Acababa de recoger mi canastón navideño: bañador de plástico, botella de
vino, panetón, galletas y chocolates; iba caminando por la Av. Heroínas pensando
que el año podía acabar bien después de todo. Eran las 11 de la mañana
con un sol enfermo de calor, usé el bañador de plástico color fucsia como sombrero improvisado, llegué a una plaza y entonces la
vi.
Descalza sobre una pequeña pirámide escalonada; con el cabello largo y
suelto. El cabello, esa es la clave de todo esto; entonces él apareció, subió las
gradas hasta alcanzarla, ella retrocedió dos pasos, sintió miedo —en retrospectiva,
creo que todos lo sentimos— y luego contaron: Uno,
dos, tres, cuatro cinco, seis, siete, ocho; ella se dio la vuelta y él la
sujetó del cabello, como tantas otras veces, pero ahora con una tijera entre
manos.
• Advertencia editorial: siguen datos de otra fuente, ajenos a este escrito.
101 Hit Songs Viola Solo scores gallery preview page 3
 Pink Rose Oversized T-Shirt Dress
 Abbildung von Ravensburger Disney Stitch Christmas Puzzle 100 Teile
Lo cortó casi de raíz, le entregó el mechón, arrojó la tijera y
se fue —o huyó— ella bajó por las gradas esparciendo sus cabellos por todo el lugar.
Me entregaron un papel con una nota:
"Aquél con quién viví una relación amorosa, intensa y violenta, lo invito a que corte mi cabello, tomando mi pelo de la misma forma que lo hacía cuando me agredía.
Liberándonos así de esas experiencias dañinas, dejando en el pelo cortado ese círculo dañino emocional y violento del que fuimos parte".
Emprendí el regreso a casa pensando en lo sucedido, definitivamente este
año no está para primaveras y flores.